* [Caption-style text data]
= = = =

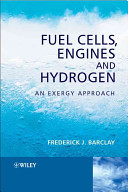 Fuel cells, engines and hydrogen : an exergy approach /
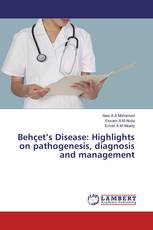 Behçet’s Disease: Highlights on pathogenesis, diagnosis and management
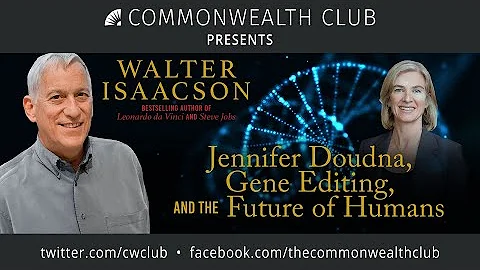 Walter Isaacson: Jennifer Doudna, Gene Editing, an...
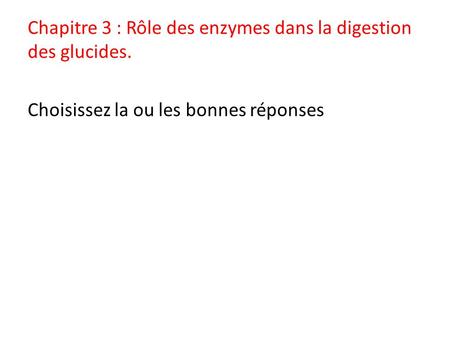 Chapitre 3 : Rôle des enzymes dans la digestion des glucides. Choisissez la ou les bonnes réponses.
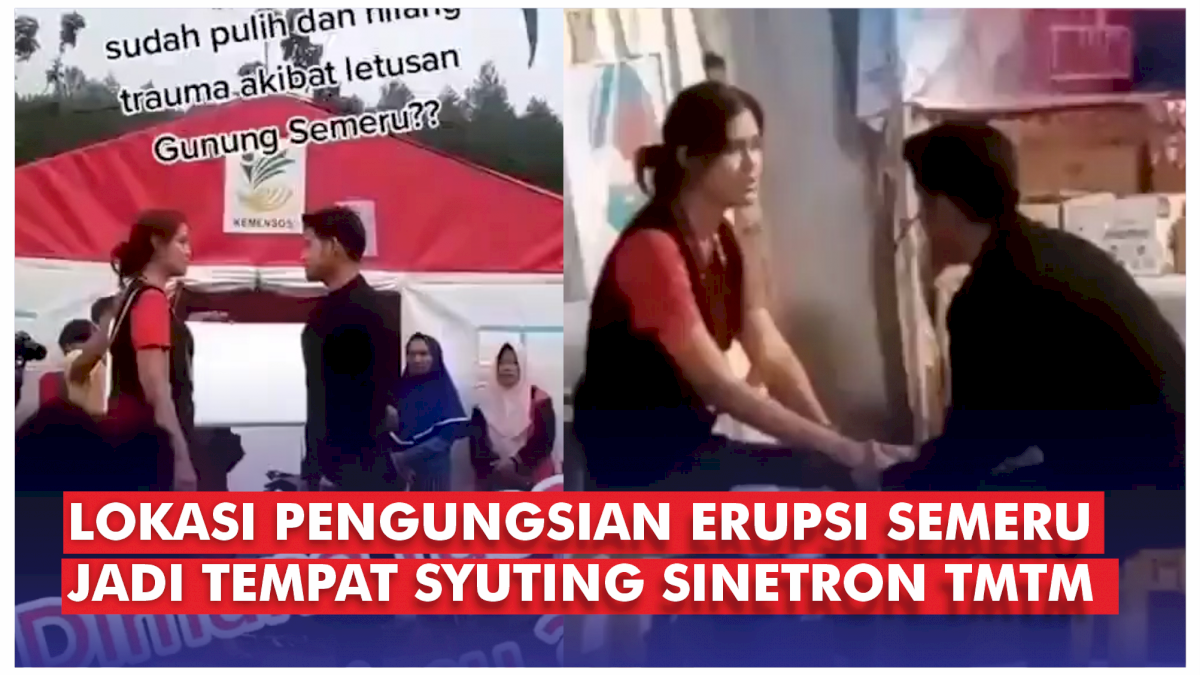 VIDEO: Viral, Lokasi Pengungsian Erupsi Semeru Jadi Tempat Syuting Sinetron TMTM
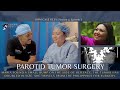 The Filipino Nursing Student with a Deep Lobe Parotid Tumor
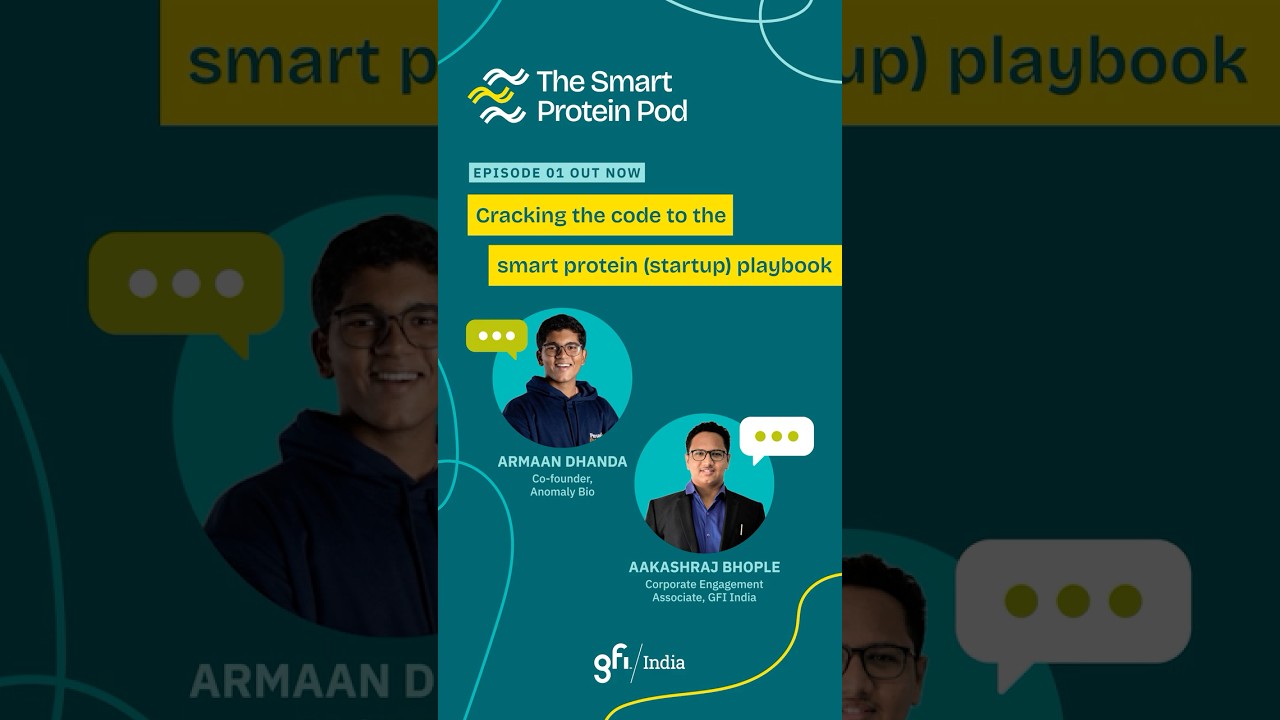 Ep 1: Cracking the code to the smart protein (startup) playbook ft. Armaan Dhanda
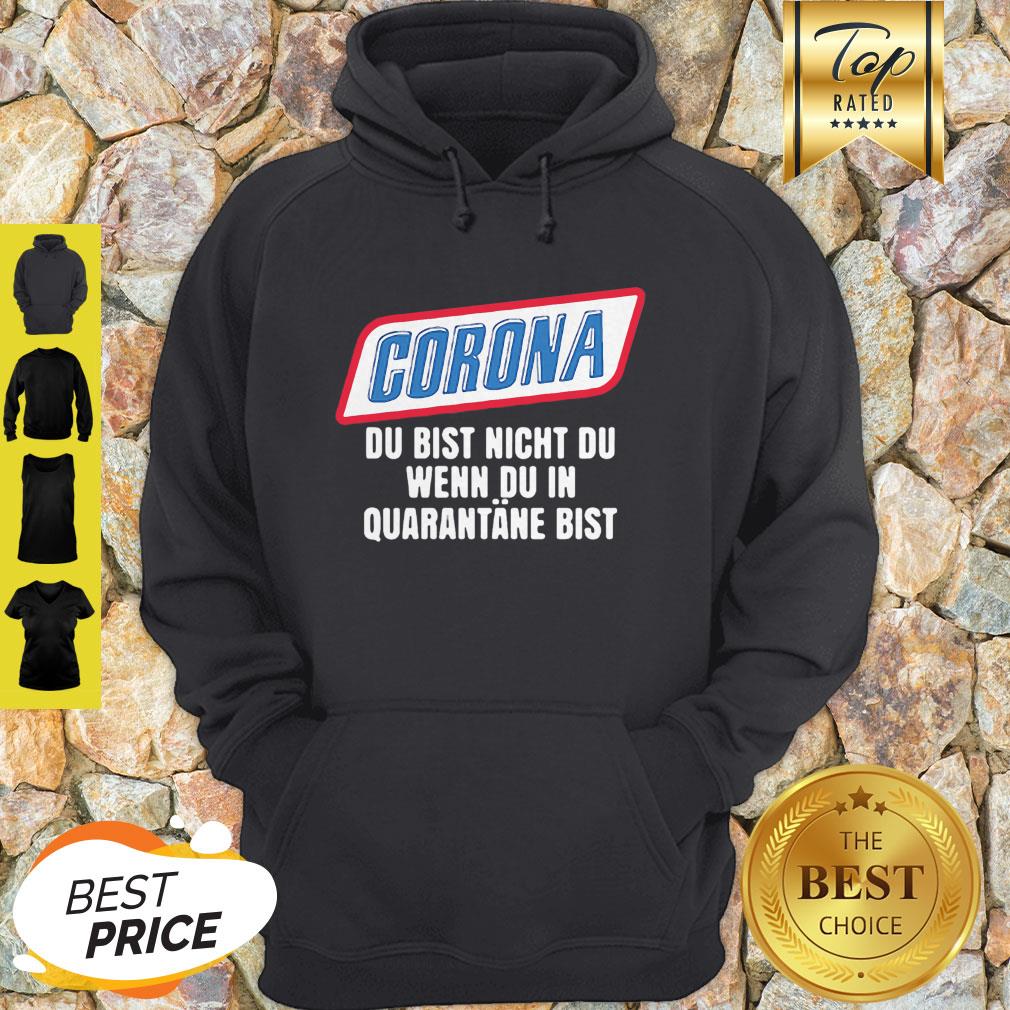 Coronavirus Du Bist Nicht Du Wenn Du In Quarantane Bist Shirt - Image 5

= = = =

* [ASSIGNMENT] Nothing but the records above, retyped exactly and stripped of images, should appear in the answer.

* [EXERCISE SOLUTION]
 Fuel cells, engines and hydrogen : an exergy approach /
 Behçet’s Disease: Highlights on pathogenesis, diagnosis and management
 Walter Isaacson: Jennifer Doudna, Gene Editing, an...
 Chapitre 3 : Rôle des enzymes dans la digestion des glucides. Choisissez la ou les bonnes réponses.
 VIDEO: Viral, Lokasi Pengungsian Erupsi Semeru Jadi Tempat Syuting Sinetron TMTM
 The Filipino Nursing Student with a Deep Lobe Parotid Tumor
 Ep 1: Cracking the code to the smart protein (startup) playbook ft. Armaan Dhanda
 Coronavirus Du Bist Nicht Du Wenn Du In Quarantane Bist Shirt - Image 5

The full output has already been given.